- ASSIGNMENT -
Every line of the listing below from the one with "Detail of rose" up to and including the one with "Portrait of a" should be retyped exactly, and nothing else; pictures are not part of the copy.

+++ DATA TO USE

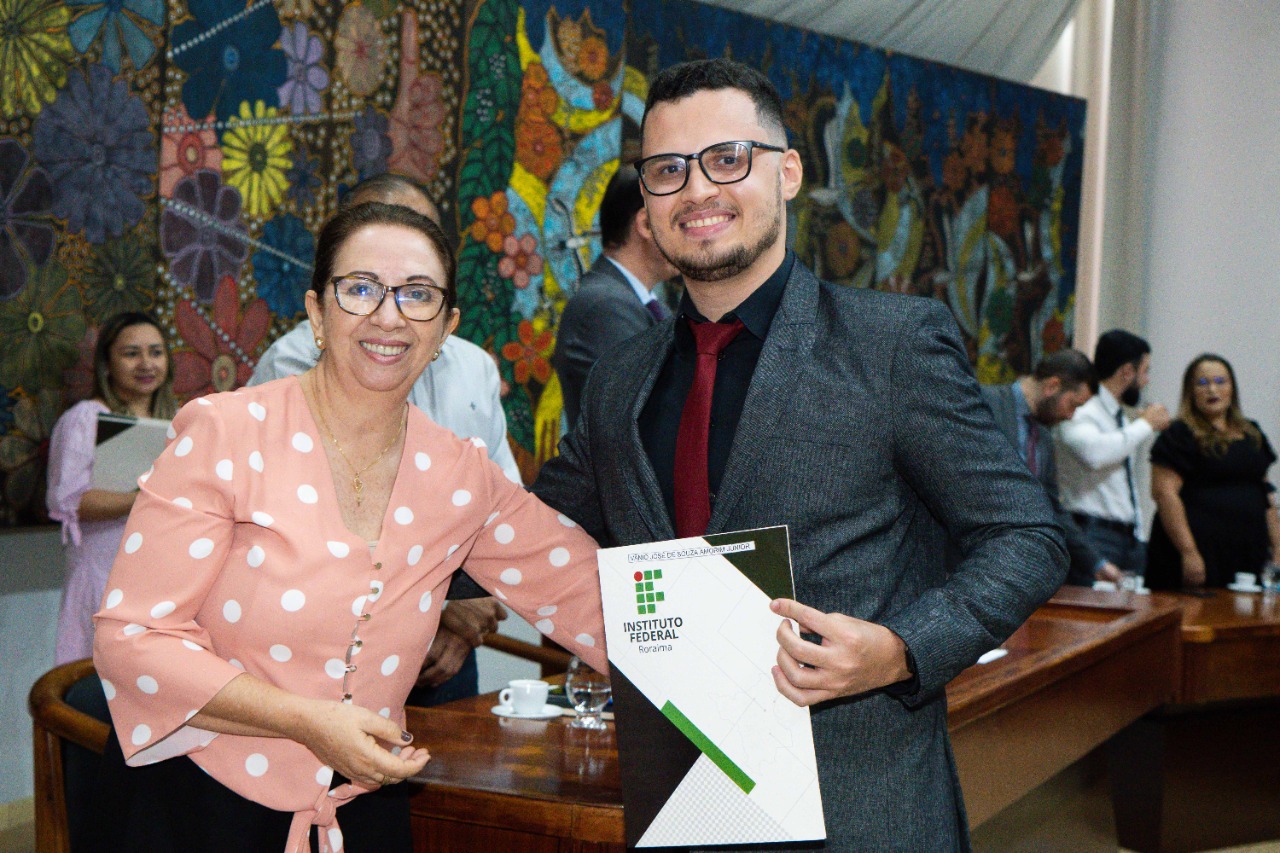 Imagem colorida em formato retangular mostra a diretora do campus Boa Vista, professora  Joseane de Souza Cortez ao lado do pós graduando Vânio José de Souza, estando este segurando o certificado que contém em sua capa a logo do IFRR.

++++++
+++ DATA TO USE

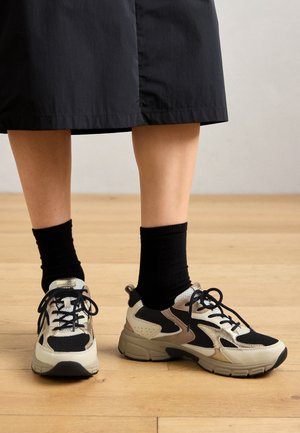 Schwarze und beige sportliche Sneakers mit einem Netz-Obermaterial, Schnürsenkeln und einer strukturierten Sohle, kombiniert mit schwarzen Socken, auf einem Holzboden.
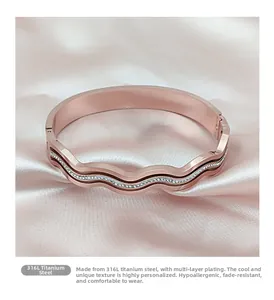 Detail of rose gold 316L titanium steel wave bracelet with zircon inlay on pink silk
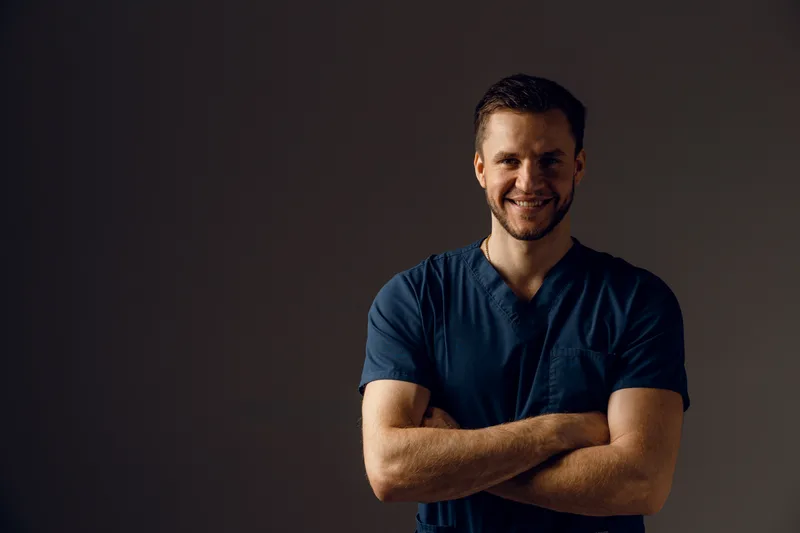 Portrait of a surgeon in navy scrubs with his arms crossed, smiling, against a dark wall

++++++

- EXERCISE ANSWER -
 Detail of rose gold 316L titanium steel wave bracelet with zircon inlay on pink silk
 Portrait of a surgeon in navy scrubs with his arms crossed, smiling, against a dark wall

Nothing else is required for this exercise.